There are those who favor SDI because they believe it best exploits the great U.S. advantage in high technology. Their position seems to be supported by the apprehension that Soviet leaders express so vigorously about SDI. Is that not enough reason to pursue the program?
We have observed and participated in the nuclear competition since its inception. Thanks to U.S. technological superiority, virtually every new technical initative has come from the United States: the fission bomb, the hydrogen bomb, the intercontinental bomber, submarine-launched missiles, high-accuracy ICBM’s, MIRV’s, and high-accuracy long-range cruise missiles. The only significant Soviet initiative was the ICBM itself, but our ICBM’s quickly surpassed those of the Soviets in both quality and numbers. The net result has been a steady erosion of American security. There is no evidence that space weapons will be an exception. It is true that we have a significant edge in all the technologies that strategic defense would depend on. But in the nuclear era a sophisticated defense can be foiled by relatively rudimentary means. Which is easier: the construction or the disruption of an exquisitely shaped mirror 30-feet across which must swiftly turn from one target to another with very high accuracy? Moreover, it is cheap to build devastating weapons that could readily penetrate our exorbitantly expensive “shield.” Unless there is a breakthrough in defense as revolutionary as nuclear weapons themselves, the strategic offense will reign supreme.
But if so, why are the Soviets so opposed to SDI? Because they are exceedingly cautious, and have been playing catch-up with American nuclear technology since 1945. Soviet military planners are obliged to take American pronouncements, however implausible, much more seriously than American strategists, and will respond with an offensive build-up and by expanding their already significant BMD research effort.5 They seem to recognize that this will require vast expenditures they can ill afford, and that the net result will be a decrease in their national security. The same would be true for us.
We should vigorously exploit our technological advantage to acquire military intelligence about the Soviet Union, to strengthen our strategic command-and-control systems, and to reduce our reliance on nuclear weapons. The search for new BMD techniques must go on, but the distinction between research and deployment should not be blurred. But in assessing military technologies we must recognize that any attempt by either superpower to increase the threat to the other’s survival will soon redound to its own disadvantage.

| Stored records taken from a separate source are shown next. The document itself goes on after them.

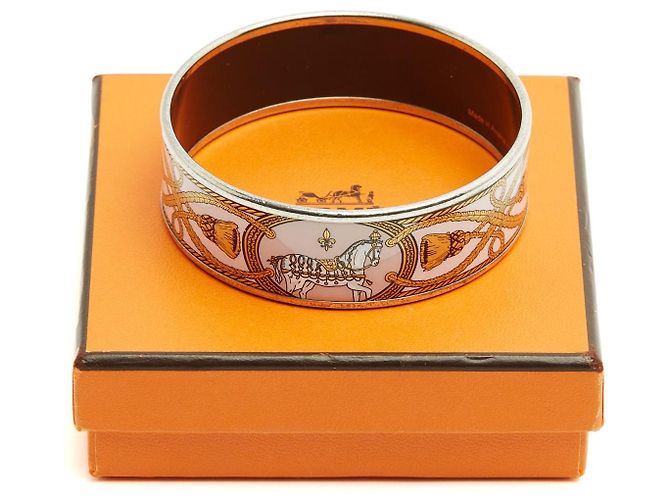 Hermès Bracciale Rigido Grand Apparat Smalto Stampato Large - vista 6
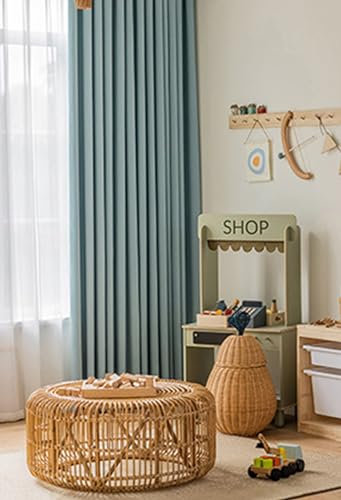 Whoiy Wohnzimmer Vorhänge Blau Jacquard mit Ösen 183 cm Höhe, Einfarbig Blickdichter Gardiene Vorhang Chenille Verdunklungsgardine für Schlafzimmer, 183x132 cm (B x H)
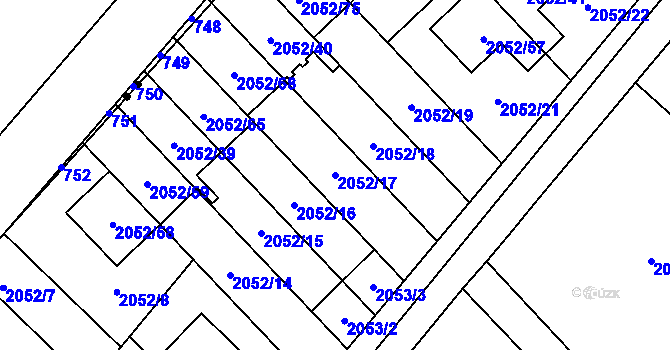 Parcela st. 2052/17 v KÚ Radotín, Katastrální mapa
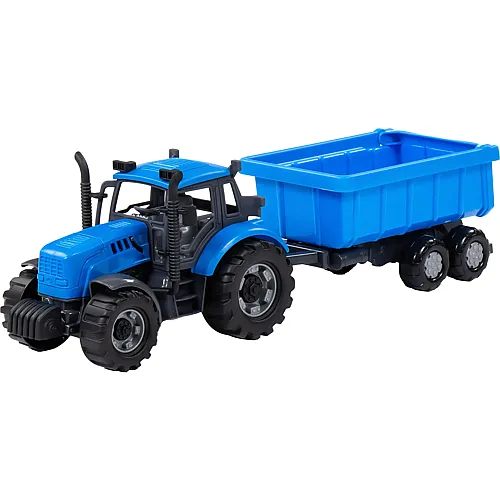Cavallino Toys 1:32 Traktor mit Muldenkipper-Anhnger Blau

We now return to Mr. Jastrow’s caricature of our case against SDI. He would have readers believe that the prospects for SDI can be decided on the basis of just two numbers that we had calculated incorrectly in our earliest report, Space-Based Ballistic Missile Defense (Union of Concerned Scientists, March 1984); and that our “many major errors . . . go in one direction only—toward making the President’s plan seem impractical, costly, and ineffective.”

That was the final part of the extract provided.